Dennis Bovell (born 22 May 1953, Saint Peter, Barbados, West Indies) is a reggae guitarist, bass player and record producer. He was a member of the British reggae band Matumbi, and released dub-reggae records under his own name as well as the pseudonym 'Blackbeard'. He is most widely known for his decades-spanning collaborations with Linton Kwesi Johnson.
Bovell moved with his family to South London at the age of twelve. He became immersed in Jamaican culture, particularly dub music, and set up his own Jah Sufferer sound system. Running the sound system brought trouble from the police and Bovell was imprisoned for six months on remand, but was later released on appeal. Bovell was friends at school with future rock musicians including keyboardist Nick Straker and record producer Tony Mansfield, both of whom later worked with Bovell.

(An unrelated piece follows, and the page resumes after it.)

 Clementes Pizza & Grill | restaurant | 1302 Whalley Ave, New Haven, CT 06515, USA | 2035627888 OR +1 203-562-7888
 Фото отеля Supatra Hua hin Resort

Bovell also worked as an engineer at Dip Records, the precursor to the Lovers Rock label, and he was a key figure in the early days of the lovers rock genre. He is also known for attempting to fuse disco rhythms with reggae, most notably with the hit song "Silly Games" by Janet Kay.
He has produced albums by a wide variety of artists including I-Roy, The Thompson Twins, Sharon Shannon, Alpha Blondy, Bananarama, The Pop Group, Fela Kuti, The Slits, Orange Juice and Madness. He has collaborated with poet, Linton Kwesi Johnson for much of his working life.
Bovell also co-wrote and co-produced the majority of material by British reggae singer Bobby Kray.
In 1980, he wrote the score for Franco Rosso's film Babylon. Bovell has also written music for the 1983 television drama The Boy Who Won the Pools and Global Revolution (2006).
In the BBC's Reggae Britannia, Bovell related a tale of strange goings on in the leafy London suburb of Barnes, where the John Hassell Recordings studio was based in a residential house, in a quiet street at 21 Nassau Road. John Hassell, aided by his wife Felicity, cut reggae dub-plates with such finesse and understanding, that the studio's output was to feed Sound systems throughout the UK.
In 2012, Bovell produced Mek It Run, his latest album.